Sementara itu, Polytron, merek lokal yang baru terjun ke pasar mobil listrik, menunjukkan pertumbuhan yang cukup menggembirakan, dari 12 unit menjadi 29 unit dalam sebulan.
Mobil listrik Polytron G3 dan G3+, dengan harga mulai Rp299 juta, berhasil menarik perhatian pembeli yang mencari EV murah dengan merek yang sudah akrab di telinga masyarakat Indonesia.
Langkah Polytron ini bisa jadi awal kebangkitan merek lokal di dunia kendaraan listrik, meski jalan yang harus mereka tempuh masih panjang.
Volvo, Dari Ikon Keamanan Jadi Korban Tren
Volvo Cars mencatat penjualan 10 unit pada September 2025, turun dari 16 unit bulan sebelumnya. Merek yang dulu dikenal karena reputasi "paling aman di dunia" ini tampaknya kesulitan menemukan tempat di hati konsumen modern Indonesia.
Masalahnya bukan pada kualitas.

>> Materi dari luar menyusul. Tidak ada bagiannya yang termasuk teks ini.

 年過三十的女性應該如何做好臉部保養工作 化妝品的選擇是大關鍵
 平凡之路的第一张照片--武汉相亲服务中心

Volvo masih unggul dalam fitur keselamatan dan kenyamanan. Namun citranya kini terlalu "kalem" di tengah pasar SUV yang makin agresif. Konsumen Indonesia lebih suka tampilan gagah dan fitur canggih, sementara Volvo tetap berpegang pada kesan elegan yang understated.
Ironisnya, ketika keamanan dan efisiensi energi justru menjadi isu penting, merek yang paling peduli pada hal itu malah tersingkir dari radar konsumen.
Volkswagen dan Mini, Mewah, Tapi Tak Lagi Relevan
Merek asal Eropa lainnya, Volkswagen dan Mini, juga mengalami nasib serupa.
Volkswagen hanya berhasil menjual 24 unit (turun dari 35 unit), sementara Mini menjual 47 unit, jauh lebih sedikit dari 69 unit pada bulan sebelumnya.
Keduanya menghadapi masalah yang mirip, harga tinggi, aftersales terbatas, dan model yang tidak mengikuti selera lokal.
Volkswagen misalnya, dikenal dengan desain klasik dan performa mantap, tapi jaringan diler dan bengkel resminya masih terbatas di Indonesia. Mini, di sisi lain, memang punya penggemar setia, tapi sulit menarik pembeli baru karena harganya mendekati SUV premium dari Jepang yang lebih besar dan praktis.
Konsumen kini ingin mobil yang "value for money", bukan sekadar bergengsi di jalan.